36, Sloane Court, SW
7th April, 1916

My dear Ralph

What has become of you?

It’s nearly a year since last I saw or heard of you and I’m now stirred into writing by seeing in the papers that your father is leaving Peterboro’.

I am so sorry: however, I expect he feels that after many strenuous year [sic] he wants to retire to a more peaceful life…

I am with Vickers now and am fairly up to my eyes in work all day and every day: it’s very interesting and real hard work; how long the WO will keep me at it I don’t, of course, know. I’ve never done a day with the W. Gds [Welsh Guards?] yet since I was transferred to them. However, as long as I feel I’m doing some work for the “common cause” I’ve nothing to complain of.

I occasionally hear scraps of news about you from Rome, or Greece, or Russia! I suppose you are dashing about all over the place on every sort of mysterious mission.

If you ever are in London, let me know – do: I’d love to see you again. Vickers House finds me all day & every day, except when I’m away at gun trials: and here we are installed in a flat – our first home!…

Yours ever,
Jack O’W

Letters to Ralph Glyn (D/EGL/C32/24-25)

Blown out of the trenches

There was news of two Cranbourne men.

Drum-Major W. Herd, 1st Welsh Guards, has been home on leave from France.

Lance-Corporal A.R. Hatcher has been, with several comrades, blown out of the trenches, and is suffering from shock, but we are glad to hear he is recovering.

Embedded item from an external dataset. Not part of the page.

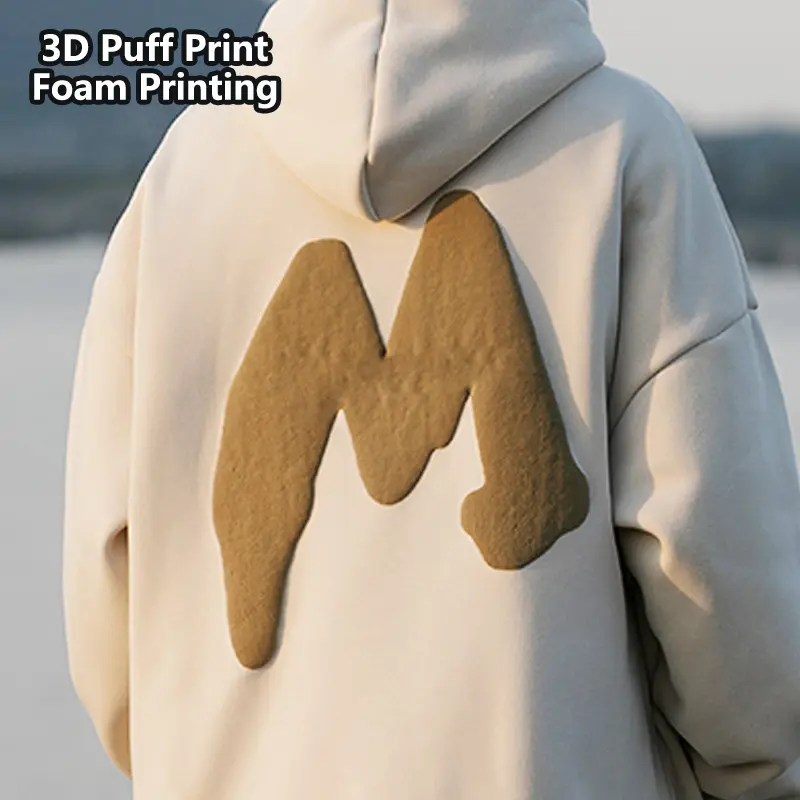 High Quality Unisex Contrast Stitch Hoodie Custom Logo Puff Printing Organic Cotton 3d Foam Print Hoodie Oversized Men's Hoodies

Cranbourne section of the Winkfield District Magazine, February 1916 D/P151/28A/8/2

No peace or victory till the politicians have been exterminated

Maysie Wynne Finch wrote from Wales, where she and her wounded husband had taken refuge at his family home, to her brother Ralph Glyn. She was not impressed by British politicians, or by men trying to avoid service.

Sunday 28 Nov/15
Voelas
Bettws-y-Coed
N. Wales
My dear darling R.

No, I had not seen anything about attacks on Col Sykes – How scheming. All lies I am sure. Oh dear, these politicians, will they never be stamped out & exterminated, we shall have no peace or hope of victory till they are. How people can give presents to Miss Asquith & make it an occasion to tell lies about olf Asquith – God knows – & people like the Speaker too….

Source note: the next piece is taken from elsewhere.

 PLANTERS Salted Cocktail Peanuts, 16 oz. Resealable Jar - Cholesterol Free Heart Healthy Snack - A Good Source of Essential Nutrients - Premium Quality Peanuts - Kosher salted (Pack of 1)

Col Toby Wickham … has been recalled from France & is waiting to hear what if anything he’s to do next. All his Yeomanry have been broken up into Div. Cav. & he’s been PM of Ypres for the last month. He’s miserable being home.

What a delightful couple the Harlechs are. She’s enchanting. He was busy trying to get recruits for Welsh Guards, of which he’s Colonel… Billy Gore is off any day, with his Yeomanry Brigade. They go east – where no one knows of course. They have been waiting to start over 10 days now….

John is having a rare lot of “shooting at something which can’t shoot back” as someone put it. At first it hurt his jaw rather, but now it doesn’t seem to often. His back hasn’t healed up even now. I had no idea it would take so long. Of course at the hospital they said it was one of the dirtiest little holes they’d seen. It only missed his spine by a nick too, you know! I expect you’ve heard the story but it was new to me, of the Sergeant to a frightened private under fire, “Now then my man, what’s the matter with you, they ain’t h’after you – you ain’t no blooming cathedral or bloody work of h’art”!! I love it.

Best love darling…
Your own loving Maysie

At last the brave yokels in this district are enlisting having made sure they must go or be fetched! They all try ASC of course!!